Storing the strings separately and loading them on demand can also reduce the time needed when first opening a project. The worst case scenario is now downloading 60MB of data, compressed 10X. We’re back under 10 seconds. The string table can be divided into chunks which are downloaded on demand and in the background.

Which is all great, if all we were doing is loading a snapshot. What about the events that occur after the snapshot was created? What about strings created or changed by local edits? We can easily modify the arrays in memory but it’s not practical to update the string table.

Whenever we have a new string, we see if it already exists in the string table. We can do the lookup efficiently using binary chop. If it already exists, we can represent the string using the string table index we found.

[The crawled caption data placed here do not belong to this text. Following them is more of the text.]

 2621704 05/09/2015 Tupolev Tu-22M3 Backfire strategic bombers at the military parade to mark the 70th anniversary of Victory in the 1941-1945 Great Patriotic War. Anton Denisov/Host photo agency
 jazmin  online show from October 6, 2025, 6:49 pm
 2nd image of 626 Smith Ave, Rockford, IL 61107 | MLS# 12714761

Applying events to the state loaded from a snapshot
×
Applying events to the state loaded from a snapshot

If it doesn’t exist, we represent the string using a three part identifier. The first two parts are the event that the string is defined in and the field within the event. We can encode that in four bytes. We need 6 bits to identify one of 50 fields, which leaves 26 bits to identify an event out of those added to the event log since the last snapshot. The third part is the index of the string that would come immediately after this one, if it was inserted in the string table.

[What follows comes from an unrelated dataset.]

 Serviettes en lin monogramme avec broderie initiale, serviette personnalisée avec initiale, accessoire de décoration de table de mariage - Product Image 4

There are three cases to consider when comparing strings during a sort.

  1. Both strings are in the string table. Just compare their string table indexes.
  2. One string is in the string table, the other is new. Just compare their string table indexes. If the indexes are equal, we know the new string comes first.
  3. Both strings are new. Compare their string table indexes. If the indexes are equal, and only then, load the strings and directly compare them.

Typed Arrays

There’s one more improvement we can make. We’ve carefully structured the snapshot as a set of arrays, one per field. Each array contains values of a fixed type with a fixed size. We can use the same representation in memory by loading each array into a JavaScript typed array. This is far faster and more memory efficient than using a JavaScript object for each issue.

As an added bonus, the memory used by typed arrays doesn’t count against the 4GB per tab heap memory limit in Chrome.

Scalability

Event sourced systems can be extremely scalable. Apart from the occasional snapshot update, you’re not transferring the same data over and over. With a bit more effort, you can use segmented snapshots which can be incrementally updated, rather than writing a complete snapshot from scratch each time.

Event sourced systems don’t need complex back-end databases, especially when using a full fat client, as we are here. Completely serverless implementations using DynamoDB, S3 and Lambda (or the non-AWS equivalents) are possible. Those things scale horizontally incredibly well. If you store the snapshots in S3 you can use a CDN like CloudFront to reduce latency and scale delivery even further.

Conclusion

We started with what seemed like an insurmountable problem. Taking GitHub projects as an example of a fully client side database grid view implementation, and finding a way to extend past their limit of 1200 issues per project.

We’ve ended up with an architecture which should be able to handle close to a million issues. Getting there took a total rethink of how the front end and back end work. A real focus on how the data is accessed and what that means for how it is stored, transferred and loaded into memory. A true full-stack approach.

Will it actually work? While I haven’t implemented this myself, I have been closely involved with systems that use similar principles. The Autodesk Platform Viewer effectively creates snapshots from 3D CAD models containing millions of triangles, which can then be loaded into a web app. It always struck me as absurd that I could interact fluidly with a 3D model containing a million objects but struggle when accessing a grid view containing a few thousand.